+++ MATERIAL SUPPLIED +++
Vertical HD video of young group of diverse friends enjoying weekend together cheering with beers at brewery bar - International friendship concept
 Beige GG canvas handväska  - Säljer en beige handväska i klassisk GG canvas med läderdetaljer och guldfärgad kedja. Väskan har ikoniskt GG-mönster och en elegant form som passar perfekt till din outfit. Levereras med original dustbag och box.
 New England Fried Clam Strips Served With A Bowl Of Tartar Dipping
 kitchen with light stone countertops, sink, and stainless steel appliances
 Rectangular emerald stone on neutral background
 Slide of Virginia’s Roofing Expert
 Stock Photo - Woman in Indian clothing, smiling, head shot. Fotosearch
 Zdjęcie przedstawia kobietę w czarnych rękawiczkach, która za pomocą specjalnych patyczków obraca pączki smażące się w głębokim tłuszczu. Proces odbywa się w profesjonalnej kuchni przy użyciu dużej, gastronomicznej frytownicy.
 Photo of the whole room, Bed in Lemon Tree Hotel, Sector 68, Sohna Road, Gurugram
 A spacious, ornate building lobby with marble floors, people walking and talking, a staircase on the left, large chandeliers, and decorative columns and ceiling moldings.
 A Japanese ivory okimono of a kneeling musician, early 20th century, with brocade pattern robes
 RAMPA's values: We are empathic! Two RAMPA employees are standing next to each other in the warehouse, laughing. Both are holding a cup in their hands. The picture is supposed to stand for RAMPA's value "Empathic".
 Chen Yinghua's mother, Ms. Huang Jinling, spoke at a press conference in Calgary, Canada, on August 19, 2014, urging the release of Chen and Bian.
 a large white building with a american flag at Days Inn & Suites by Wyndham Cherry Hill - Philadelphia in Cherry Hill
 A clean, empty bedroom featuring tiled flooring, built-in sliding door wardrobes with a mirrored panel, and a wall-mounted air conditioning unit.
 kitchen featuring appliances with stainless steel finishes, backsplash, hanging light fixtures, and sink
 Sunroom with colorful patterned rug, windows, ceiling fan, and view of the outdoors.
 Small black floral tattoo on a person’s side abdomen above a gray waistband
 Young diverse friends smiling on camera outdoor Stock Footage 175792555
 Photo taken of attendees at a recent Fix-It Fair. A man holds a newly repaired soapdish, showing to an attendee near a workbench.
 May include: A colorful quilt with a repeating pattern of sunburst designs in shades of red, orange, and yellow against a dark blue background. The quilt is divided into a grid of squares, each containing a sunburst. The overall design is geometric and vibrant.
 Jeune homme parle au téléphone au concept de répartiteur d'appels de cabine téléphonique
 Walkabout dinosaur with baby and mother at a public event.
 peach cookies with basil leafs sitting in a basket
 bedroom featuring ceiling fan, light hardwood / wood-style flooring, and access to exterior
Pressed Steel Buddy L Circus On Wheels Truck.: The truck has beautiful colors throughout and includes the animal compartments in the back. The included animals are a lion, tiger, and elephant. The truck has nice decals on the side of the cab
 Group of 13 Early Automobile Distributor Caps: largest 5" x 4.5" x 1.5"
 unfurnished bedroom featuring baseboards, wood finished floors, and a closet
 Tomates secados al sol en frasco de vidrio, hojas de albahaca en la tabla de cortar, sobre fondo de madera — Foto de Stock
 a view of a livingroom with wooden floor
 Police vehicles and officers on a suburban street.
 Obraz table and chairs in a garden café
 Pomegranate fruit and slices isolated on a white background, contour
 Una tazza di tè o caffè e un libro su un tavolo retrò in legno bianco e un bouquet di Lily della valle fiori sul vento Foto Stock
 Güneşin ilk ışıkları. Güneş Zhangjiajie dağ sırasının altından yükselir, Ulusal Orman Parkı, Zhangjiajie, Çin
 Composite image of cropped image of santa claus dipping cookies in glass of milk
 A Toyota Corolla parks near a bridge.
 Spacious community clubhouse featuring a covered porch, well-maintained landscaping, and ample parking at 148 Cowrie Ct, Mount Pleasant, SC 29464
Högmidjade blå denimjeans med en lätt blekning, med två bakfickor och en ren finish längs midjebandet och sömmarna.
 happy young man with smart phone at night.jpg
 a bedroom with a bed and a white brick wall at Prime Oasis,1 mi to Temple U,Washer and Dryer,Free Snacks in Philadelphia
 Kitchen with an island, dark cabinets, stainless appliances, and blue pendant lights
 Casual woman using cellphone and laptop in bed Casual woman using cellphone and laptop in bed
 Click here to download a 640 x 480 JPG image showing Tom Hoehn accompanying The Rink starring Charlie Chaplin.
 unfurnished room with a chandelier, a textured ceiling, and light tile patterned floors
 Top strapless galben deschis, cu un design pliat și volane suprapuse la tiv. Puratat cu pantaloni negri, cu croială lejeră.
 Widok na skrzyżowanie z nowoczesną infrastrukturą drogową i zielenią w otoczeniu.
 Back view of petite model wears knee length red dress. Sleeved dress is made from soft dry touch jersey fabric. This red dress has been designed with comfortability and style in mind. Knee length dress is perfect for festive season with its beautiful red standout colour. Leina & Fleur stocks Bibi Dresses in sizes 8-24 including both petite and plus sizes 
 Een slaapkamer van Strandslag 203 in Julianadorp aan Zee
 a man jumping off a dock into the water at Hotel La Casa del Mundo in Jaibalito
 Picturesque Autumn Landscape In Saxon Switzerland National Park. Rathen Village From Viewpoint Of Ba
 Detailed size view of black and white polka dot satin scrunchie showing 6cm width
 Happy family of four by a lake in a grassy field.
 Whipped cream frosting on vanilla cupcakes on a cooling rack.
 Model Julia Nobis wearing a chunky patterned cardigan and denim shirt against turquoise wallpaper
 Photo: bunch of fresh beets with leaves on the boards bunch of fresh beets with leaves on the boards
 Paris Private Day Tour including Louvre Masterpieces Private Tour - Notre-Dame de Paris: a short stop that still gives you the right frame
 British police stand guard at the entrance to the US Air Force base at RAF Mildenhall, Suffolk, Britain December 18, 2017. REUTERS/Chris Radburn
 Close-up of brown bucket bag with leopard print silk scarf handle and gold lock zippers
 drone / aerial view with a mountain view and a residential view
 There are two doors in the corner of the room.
+++
TASK PROMPT: The answer should reproduce all of the data without any alteration.

RESPONSE AREA:
Vertical HD video of young group of diverse friends enjoying weekend together cheering with beers at brewery bar - International friendship concept
 Beige GG canvas handväska  - Säljer en beige handväska i klassisk GG canvas med läderdetaljer och guldfärgad kedja. Väskan har ikoniskt GG-mönster och en elegant form som passar perfekt till din outfit. Levereras med original dustbag och box.
 New England Fried Clam Strips Served With A Bowl Of Tartar Dipping
 kitchen with light stone countertops, sink, and stainless steel appliances
 Rectangular emerald stone on neutral background
 Slide of Virginia’s Roofing Expert
 Stock Photo - Woman in Indian clothing, smiling, head shot. Fotosearch
 Zdjęcie przedstawia kobietę w czarnych rękawiczkach, która za pomocą specjalnych patyczków obraca pączki smażące się w głębokim tłuszczu. Proces odbywa się w profesjonalnej kuchni przy użyciu dużej, gastronomicznej frytownicy.
 Photo of the whole room, Bed in Lemon Tree Hotel, Sector 68, Sohna Road, Gurugram
 A spacious, ornate building lobby with marble floors, people walking and talking, a staircase on the left, large chandeliers, and decorative columns and ceiling moldings.
 A Japanese ivory okimono of a kneeling musician, early 20th century, with brocade pattern robes
 RAMPA's values: We are empathic! Two RAMPA employees are standing next to each other in the warehouse, laughing. Both are holding a cup in their hands. The picture is supposed to stand for RAMPA's value "Empathic".
 Chen Yinghua's mother, Ms. Huang Jinling, spoke at a press conference in Calgary, Canada, on August 19, 2014, urging the release of Chen and Bian.
 a large white building with a american flag at Days Inn & Suites by Wyndham Cherry Hill - Philadelphia in Cherry Hill
 A clean, empty bedroom featuring tiled flooring, built-in sliding door wardrobes with a mirrored panel, and a wall-mounted air conditioning unit.
 kitchen featuring appliances with stainless steel finishes, backsplash, hanging light fixtures, and sink
 Sunroom with colorful patterned rug, windows, ceiling fan, and view of the outdoors.
 Small black floral tattoo on a person’s side abdomen above a gray waistband
 Young diverse friends smiling on camera outdoor Stock Footage 175792555
 Photo taken of attendees at a recent Fix-It Fair. A man holds a newly repaired soapdish, showing to an attendee near a workbench.
 May include: A colorful quilt with a repeating pattern of sunburst designs in shades of red, orange, and yellow against a dark blue background. The quilt is divided into a grid of squares, each containing a sunburst. The overall design is geometric and vibrant.
 Jeune homme parle au téléphone au concept de répartiteur d'appels de cabine téléphonique
 Walkabout dinosaur with baby and mother at a public event.
 peach cookies with basil leafs sitting in a basket
 bedroom featuring ceiling fan, light hardwood / wood-style flooring, and access to exterior
Pressed Steel Buddy L Circus On Wheels Truck.: The truck has beautiful colors throughout and includes the animal compartments in the back. The included animals are a lion, tiger, and elephant. The truck has nice decals on the side of the cab
 Group of 13 Early Automobile Distributor Caps: largest 5" x 4.5" x 1.5"
 unfurnished bedroom featuring baseboards, wood finished floors, and a closet
 Tomates secados al sol en frasco de vidrio, hojas de albahaca en la tabla de cortar, sobre fondo de madera — Foto de Stock
 a view of a livingroom with wooden floor
 Police vehicles and officers on a suburban street.
 Obraz table and chairs in a garden café
 Pomegranate fruit and slices isolated on a white background, contour
 Una tazza di tè o caffè e un libro su un tavolo retrò in legno bianco e un bouquet di Lily della valle fiori sul vento Foto Stock
 Güneşin ilk ışıkları. Güneş Zhangjiajie dağ sırasının altından yükselir, Ulusal Orman Parkı, Zhangjiajie, Çin
 Composite image of cropped image of santa claus dipping cookies in glass of milk
 A Toyota Corolla parks near a bridge.
 Spacious community clubhouse featuring a covered porch, well-maintained landscaping, and ample parking at 148 Cowrie Ct, Mount Pleasant, SC 29464
Högmidjade blå denimjeans med en lätt blekning, med två bakfickor och en ren finish längs midjebandet och sömmarna.
 happy young man with smart phone at night.jpg
 a bedroom with a bed and a white brick wall at Prime Oasis,1 mi to Temple U,Washer and Dryer,Free Snacks in Philadelphia
 Kitchen with an island, dark cabinets, stainless appliances, and blue pendant lights
 Casual woman using cellphone and laptop in bed Casual woman using cellphone and laptop in bed
 Click here to download a 640 x 480 JPG image showing Tom Hoehn accompanying The Rink starring Charlie Chaplin.
 unfurnished room with a chandelier, a textured ceiling, and light tile patterned floors
 Top strapless galben deschis, cu un design pliat și volane suprapuse la tiv. Puratat cu pantaloni negri, cu croială lejeră.
 Widok na skrzyżowanie z nowoczesną infrastrukturą drogową i zielenią w otoczeniu.
 Back view of petite model wears knee length red dress. Sleeved dress is made from soft dry touch jersey fabric. This red dress has been designed with comfortability and style in mind. Knee length dress is perfect for festive season with its beautiful red standout colour. Leina & Fleur stocks Bibi Dresses in sizes 8-24 including both petite and plus sizes 
 Een slaapkamer van Strandslag 203 in Julianadorp aan Zee
 a man jumping off a dock into the water at Hotel La Casa del Mundo in Jaibalito
 Picturesque Autumn Landscape In Saxon Switzerland National Park. Rathen Village From Viewpoint Of Ba
 Detailed size view of black and white polka dot satin scrunchie showing 6cm width
 Happy family of four by a lake in a grassy field.
 Whipped cream frosting on vanilla cupcakes on a cooling rack.
 Model Julia Nobis wearing a chunky patterned cardigan and denim shirt against turquoise wallpaper
 Photo: bunch of fresh beets with leaves on the boards bunch of fresh beets with leaves on the boards
 Paris Private Day Tour including Louvre Masterpieces Private Tour - Notre-Dame de Paris: a short stop that still gives you the right frame
 British police stand guard at the entrance to the US Air Force base at RAF Mildenhall, Suffolk, Britain December 18, 2017. REUTERS/Chris Radburn
 Close-up of brown bucket bag with leopard print silk scarf handle and gold lock zippers
 drone / aerial view with a mountain view and a residential view
 There are two doors in the corner of the room.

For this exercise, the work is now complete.